We advise all of our clients to thoroughly prepare for their trip to the U.S. and their inspection upon application for admission.  H-1B and L-1 visa holders should review all pertinent documents to their petition and to consider carrying evidence to support the assertions made in the petition filed on their behalf by their employer.  In addition, the H-1B or L-1 employers must be prepared for telephone inquiries from CBP officers at ports of entry to confirm the assertions made in any nonimmigrant petition and supporting documentation.  Finally, employers should ensure that public information, such as websites and/or other materials, may be consulted by CBP agents to determine whether a particular H-1B or L-1 petition is valid.

Feb
3
USCIS to Accept H-1B Filings without Certified LCA or Late H-1B Filings

We wrote in late October and early November of 2009 about the USCIS Ombudsman’s recommendation that USCIS (1) accept H-1B filings without a certified LCA but with a proof of filed and pending LCA and (2) to excuse late H-1B filings where the delay in filing was caused by pending LCA or employer’s Federal Employed Identification Number (“FEIN”) verification.

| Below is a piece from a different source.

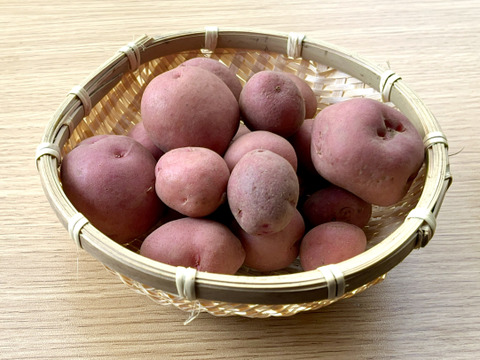 【値下げ】ちびちびサイズ！「アンデスレッド」 2キロ箱【規格外】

In November of 2009, USCIS agreed to temporarily (for a period of 120 days) create a policy in line with the USCIS Ombudsman’s recommendations.   In a Memorandum dated as of January 28, 2010, by Alejandro Mayorkas addressed to the USCIS Ombudsman, USCIS announces that it will make permanent policy changes in line with the October 2009 Ombudsman recommendations.

USCIS Will Accept H-1B Petition With Evidence of Initial LCA Filing

H-1B petitions will be accepted with evidence of initial LCA filing if the H-1B has been filed at least 7 calendar days after the LCA was filed with DOL.   The petitioner must include a copy of the LCA submission’s email confirmation as evidence.

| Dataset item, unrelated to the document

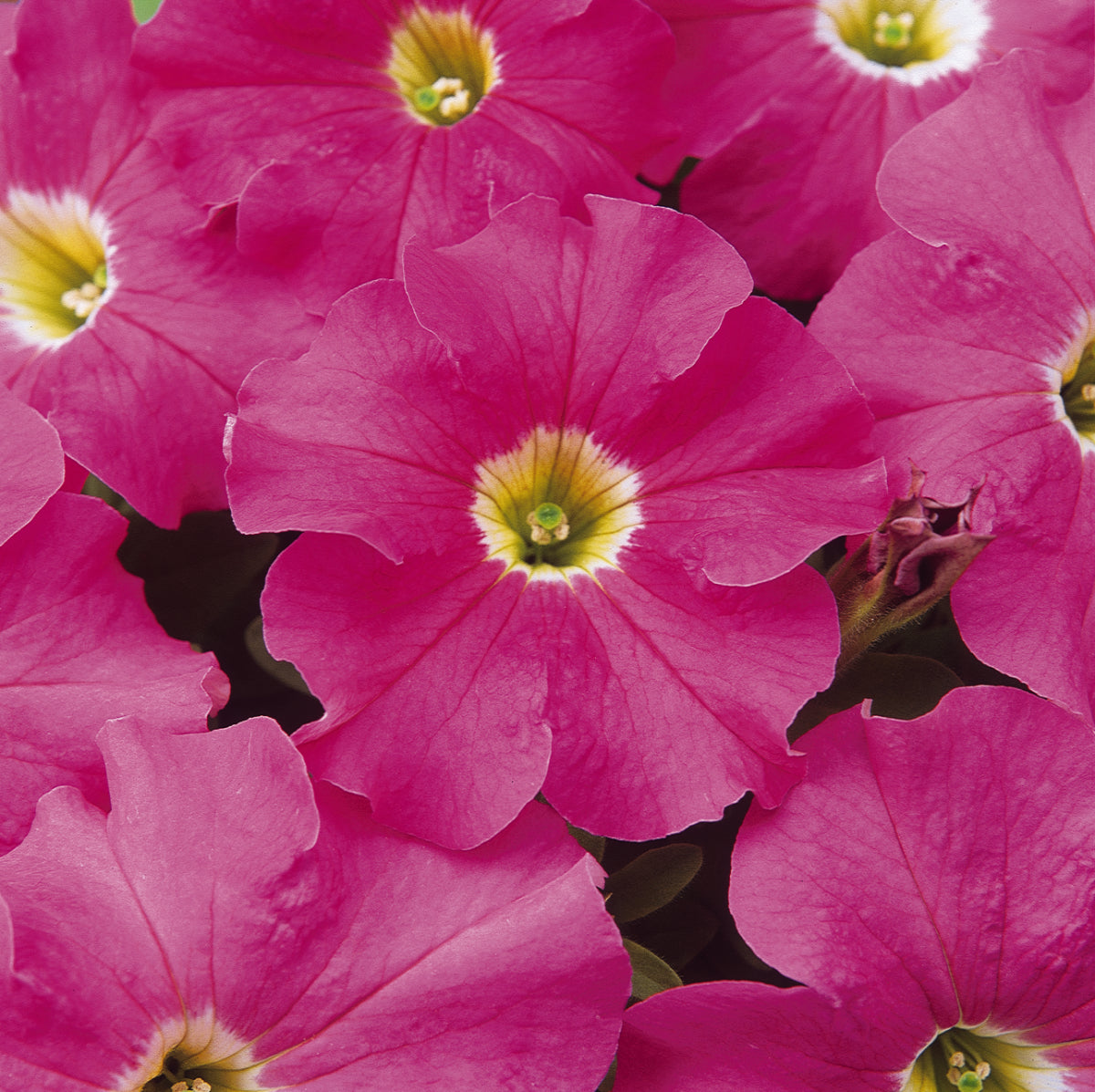 Dreams Pink Petunia Flat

Petitioners who seek to use this H-1B filing procedure must wait until they receive an RFE before they can submit the already DOL-certified LCA in support of the H-1B filing.  The certified LCA must be the same LCA which was filed with the original H-1B petition, unless the petitioner provides an LCA which was certified prior to the submission of the H-1B petition.

Late Filings Due to LCA/FEIN Verification Delays Should Be Excused

In addition, USCIS has confirmed that it will continue to excuse late H-1B filings under 8 C.F.R. 214.1(c)(4) or 8 C.F.R. 248.1(b) when the delay in filing of the H-1B petition requesting an extension of H-1B stay or change of status to H-1B was related to LCA issuance delays beyond the control of the petitioner and/or denials by DOL due to employer’s FEIN verification issues.

Jan
28
AAO Processing Times Report (January 4, 2010)

Our office handles a fair amount of appeals with the Administrative Appeals Office (AAO) and we often receive inquiries not only about about the procedural aspects of an AAO appeal but also about the current processing times for AAO cases.

About the AAO

The AAO is an appeals office which handles appeals of certain decisions made by USCIS field offices and regional procssing centers.  The Freedom of Information Act (FOIA) requires that all AAO decisions be made available to the public.  As a result, AAO decisions are accessible in reading rooms at USCIS headquarters here in Washington, DC and at field offices.  Also, some (but not all) AAO decisions are available online.

Current AAO Processing Times

USCIS has released the average processing times for cases pending at the Administrative Appeals Office (AAO) as of January 4, 2010.  Overall, there is not much change in comparison to the December 2, 2009 report.

Among the most notable AAO processing times:

  • H-1B appeal takes 13 months (increase by one compared to December 2, 2009);
  • I-140 EB1 Extraordinary Ability takes less than 6 months (no change), Multinational Manager or Executive takes 11 months (no change) while EB1 Outstanding Professor or Researcher category is current (meaning less than 6 months);
  • I-140 EB2 (Advanced Degree) takes 24 months (two months improvement) while EB2 (NIW) takes 6 months (or current, meaning less than 6 months); and
  • I-140 EB3 Skilled Worker takes 23 months (no change) while EB3 Other Worker takes 23 months on appeal (no change).